JAKARTA. Menjelang akhir tahun, beberapa emiten yang bergerak di sektor pengembang properti dan konstruksi merevisi target penjualan. Kondisi ekonomi yang makin tidak menentu membuat penjualan tersendat. Belum lagi ada penundanan proyek dari beberapa emiten. Ada tiga emiten yang menyatakan akan memangkas kinerja. Diantaranya, PT Surya Semesta Internusa Tbk (SSIA), PT Bekasi Fajar Industrial Estate Tbk (BEST) dan PT Waskita Karya Tbk (WKST). SSIA sebelumnya berharap bisa menjual lahan 120-130 hektare (ha). Namun, investor strategis yang berniat membeli lahan SSIA mengurungkan niat. "Karena volatilitas rupiah, ada investor menunda ekspansi, jadi target direvisi turun," imbuh Utari Sulistiowati, Sekretaris Perusahaan SSIA, pada KONTAN, Selasa (17/9). Makanya, SSIA menurunkan target penjualan lahan menjadi 70 ha di akhir tahun ini.

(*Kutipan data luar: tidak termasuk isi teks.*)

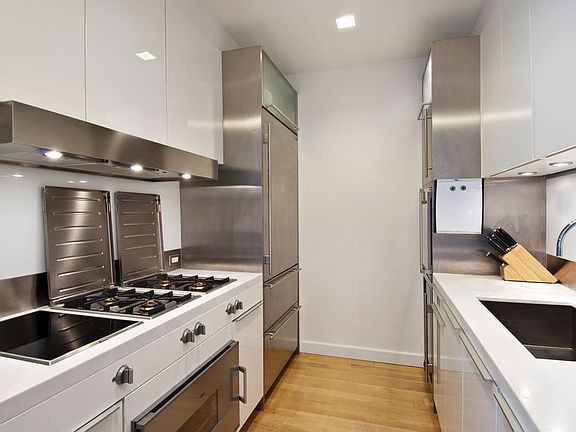 3rd image of 400 E 67th St APT 17C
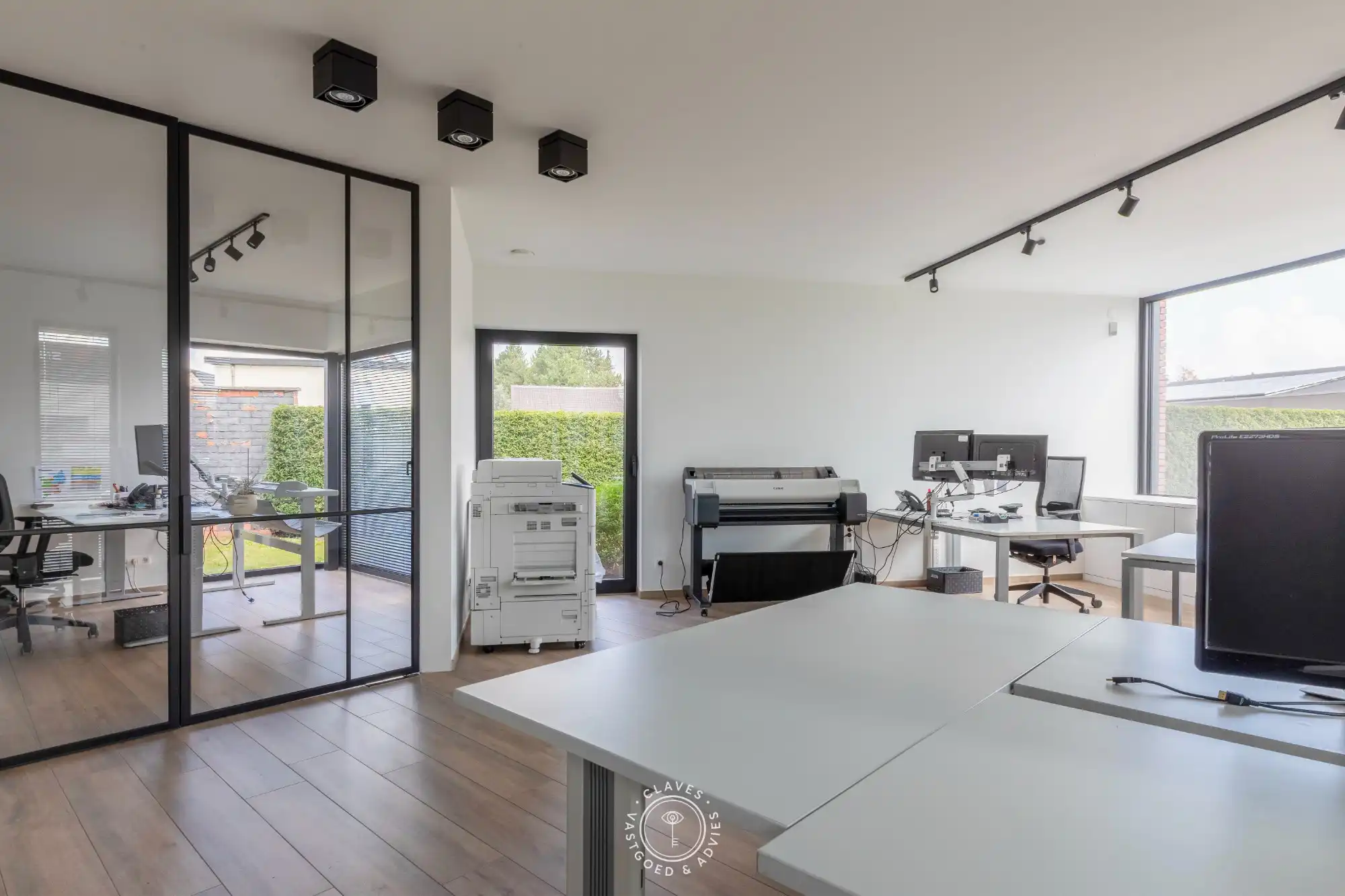 Modern kantoorgebouw met verhuurd appartement op uitstekende zichtlocatie in Belsele foto 14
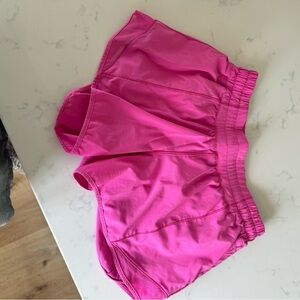 lululemon athletica hotty hot lr shorts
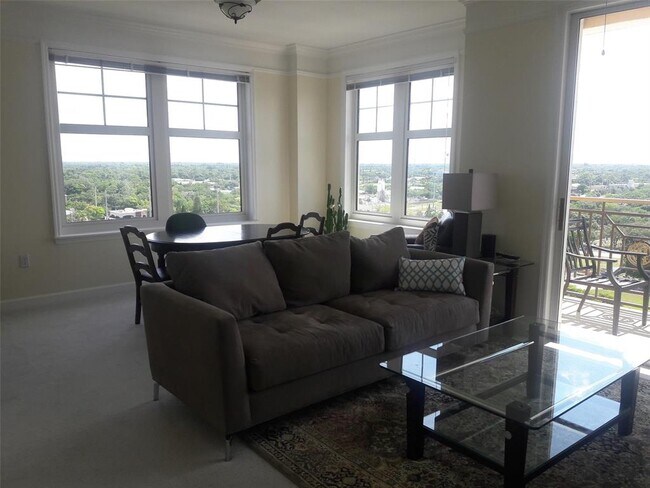 Building Photo - 750 N Tamiami Trl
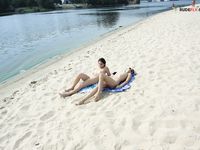 Carman Going to the Plage, Sona you all Love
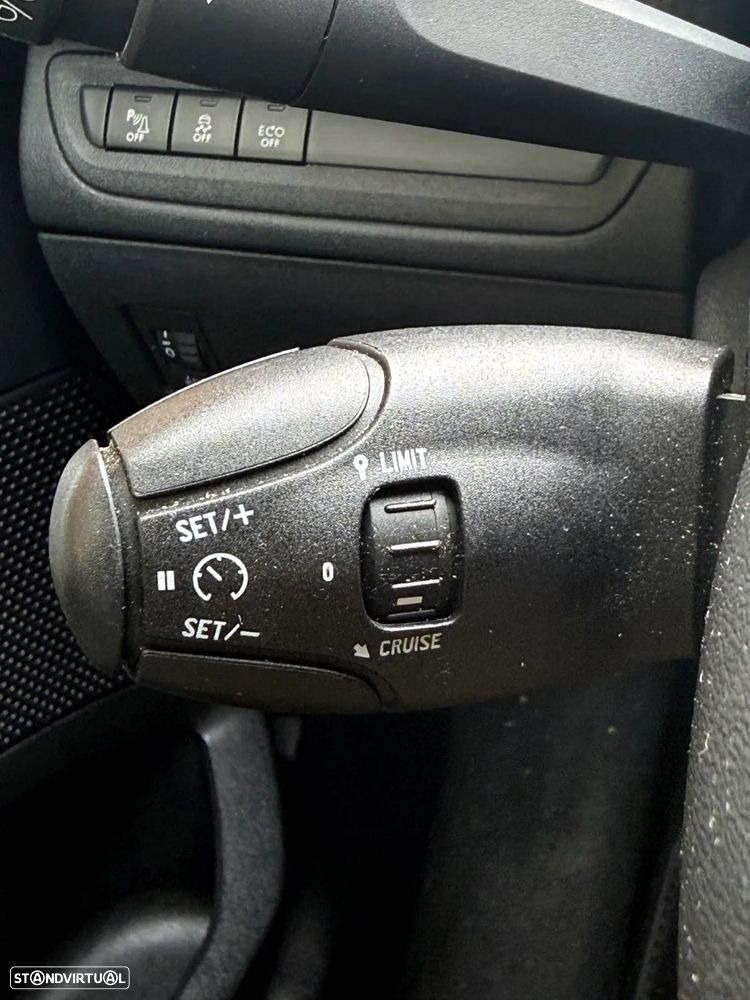 Peugeot 2008 1.6 BlueHDi Allure - 16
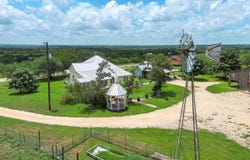 4515 Stapper Rd, Saint Hedwig, TX 78152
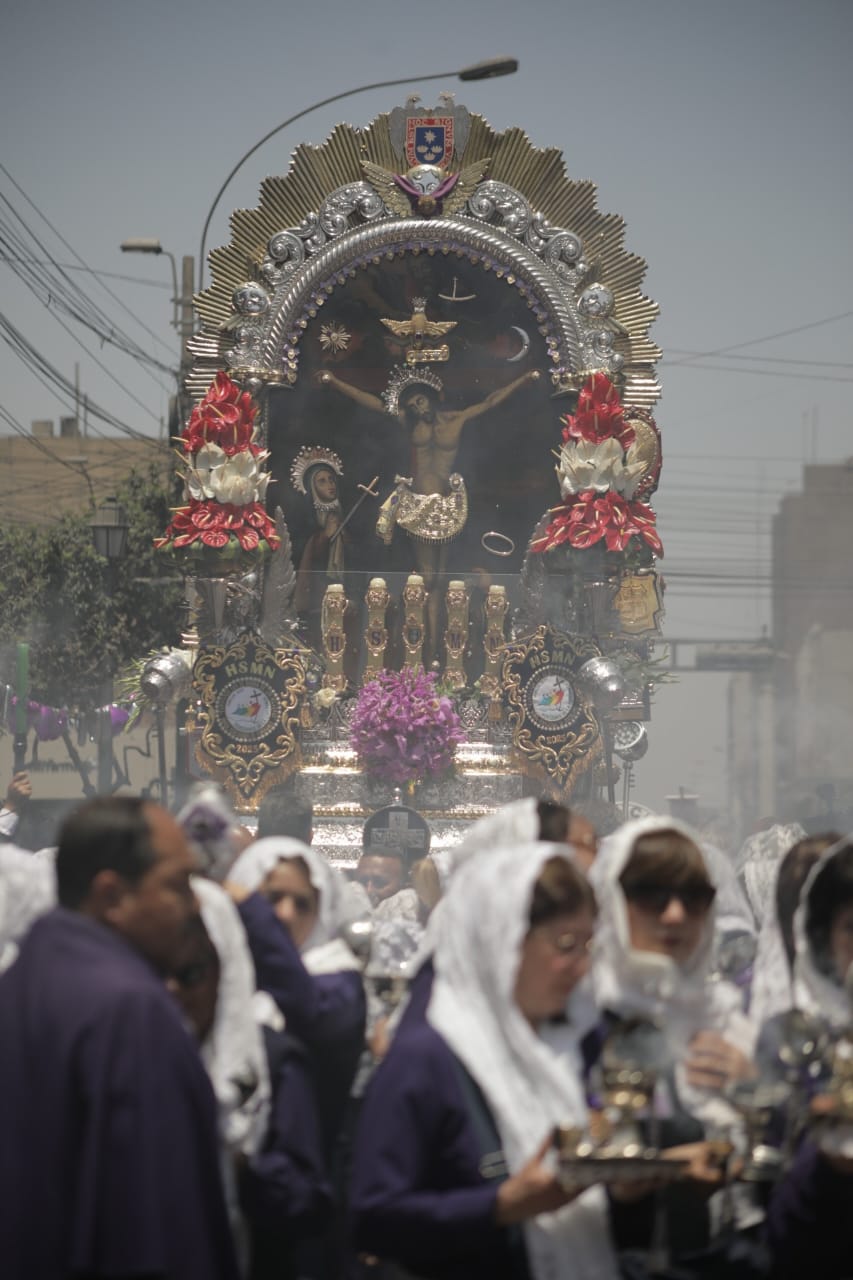 La imagen del Señor de Los Milagros recorre la avenida Tacna en su primera salida después de un año. Foto: Britanie Isabel Arroyo/@photo.gec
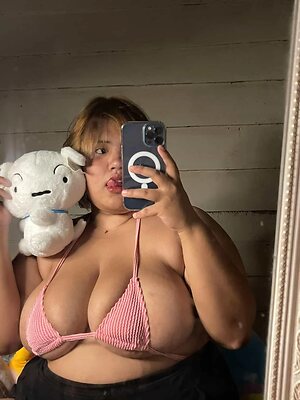Benyapa.q Nude Leaked Photo #91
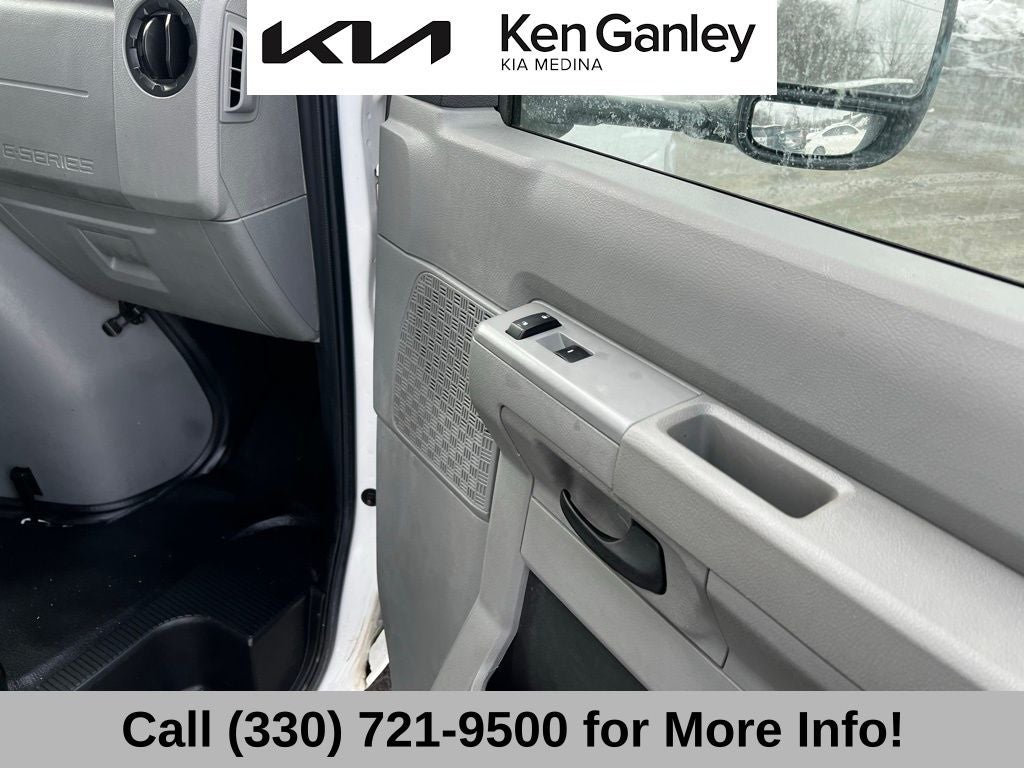 2024 Ford E-450SD Base DRW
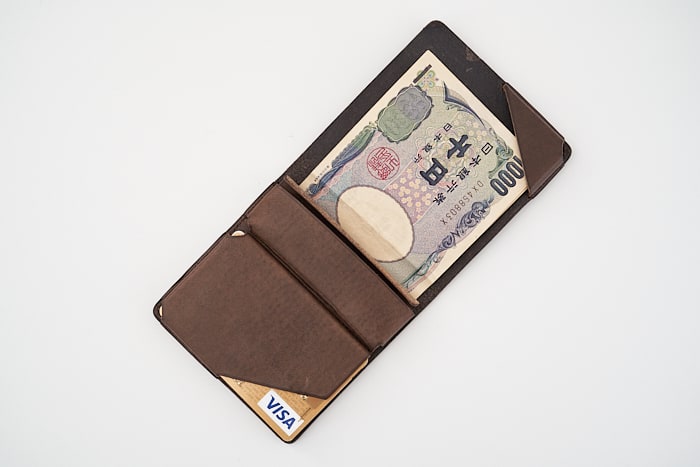 小さな薄い財布 HITOE FOLD レビュー：小さいけどちゃんと格好良い 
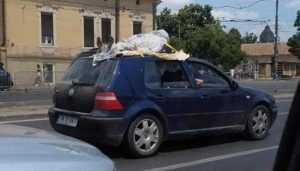 Horror! Trup neînsuflețit legat de plafonul unei mașini în trafic! 1 cadavru - Horror! Trup neînsuflețit legat de plafonul unei mașini în trafic!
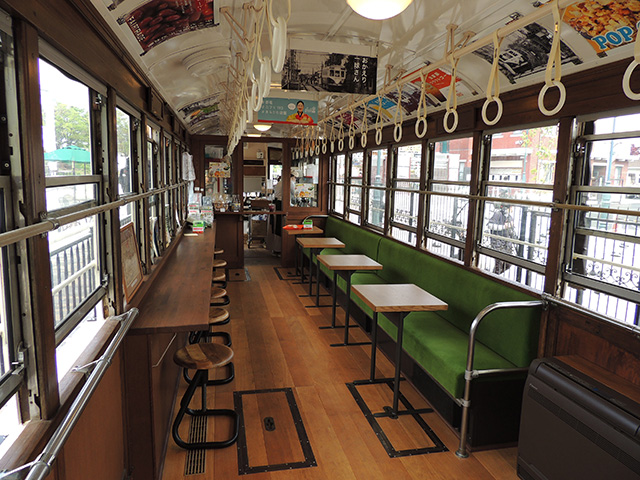 一球さん号(カフェ193)車内/あらかわ遊園(東京都/荒川区)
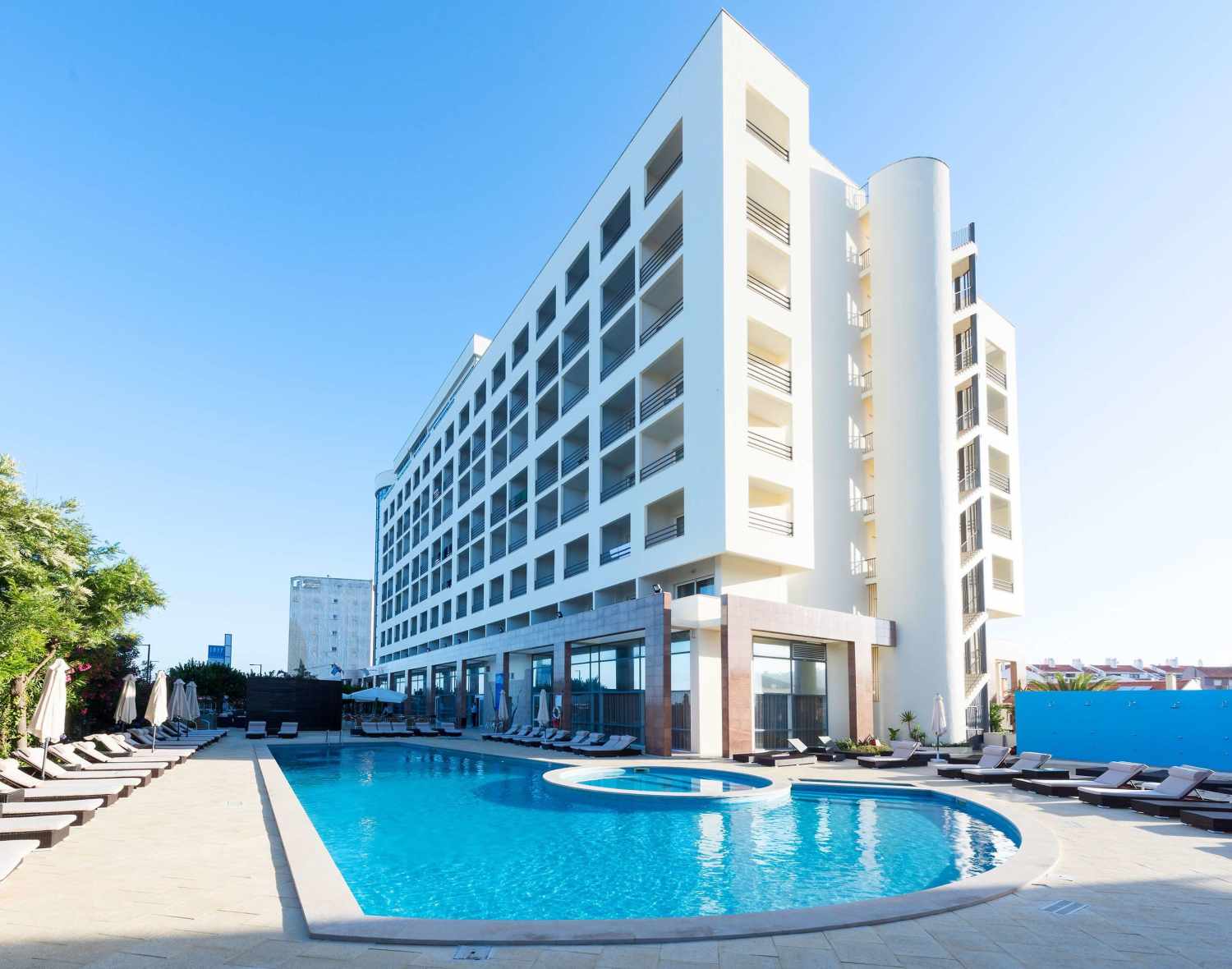 TRYP by Wyndham Lisboa Caparica Mar cover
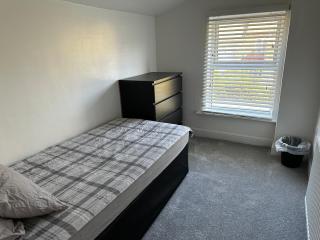 4 beds house Northampton NN2 6DE - Kingsthorpe - 4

Kinerja emiten dengan lini bisnis fokus di penjualan lahan industri itu terlihat melambat sejak kuartal I 2013. Harga jual tanah SSIA diproyeksi bisa US$ 126 per m². Artinya penjualan dari lahan industri hanya akan mencapai US$ 88,2 juta atau sekitar Rp 1 triliun dengan kurs per dollar AS Rp 11.451. Sebelumnya, SSIA menargetkan bisa meraih marketing sales Rp 1,73 triliun-Rp 1,87 triliun. Leonardo Henry Gavaza, analis Bahana Securities mengatakan, dari seluruh sektor properti paling banyak kena dampak pelemahan nilai tukar adalah emiten pengembang lahan industri. Dia bilang, selain SSIA, emiten yang juga merevisi target adalah PT Bekasi Fajar Industrial Estate Tbk (BEST). BEST merevisi target penjualan lahan dari 100-110 ha menjadi 70 ha. Dengan asumsi harga lahan US$ 175 per m², maka marketing sales Rp 1,4 triliun. Padahal BEST menargetkan bisa meraih marketing sales Rp 2 triliun-Rp 2,2 triliun. Karena itu pula, Leonardo merevisi target pendapatan dan laba bersih SSIA dan BEST. Dari sebelumnya ia memprediksi, penjualan SSIA Rp 4,6 triliun menjadi Rp 4,5 triliun. Sementara laba bersih akan menurun dari Rp 928 miliar, menjadi Rp 857 miliar. Untuk BEST, Leonardo menurunkan target pendapatan BEST dari Rp 1,4 triliun menjadi Rp 1,36 triliun. Sementara laba bersih yang semula Rp 804 miliar menjadi Rp 750 miliar. Proyek tertunda Emiten lain adalah emiten konstruksi pelat merah. WSKT harus memangkas karena banyak proyek yang tertunda. WSKT sebelumnya membidik pendapatan Rp 11,8 triliun merevisi menjadi Rp 10,7 triliun. "Kami menurunkan target Rp 1,1 triliun," ujar Tunggul Rajagukguk, Direktur Keuangan WSKT.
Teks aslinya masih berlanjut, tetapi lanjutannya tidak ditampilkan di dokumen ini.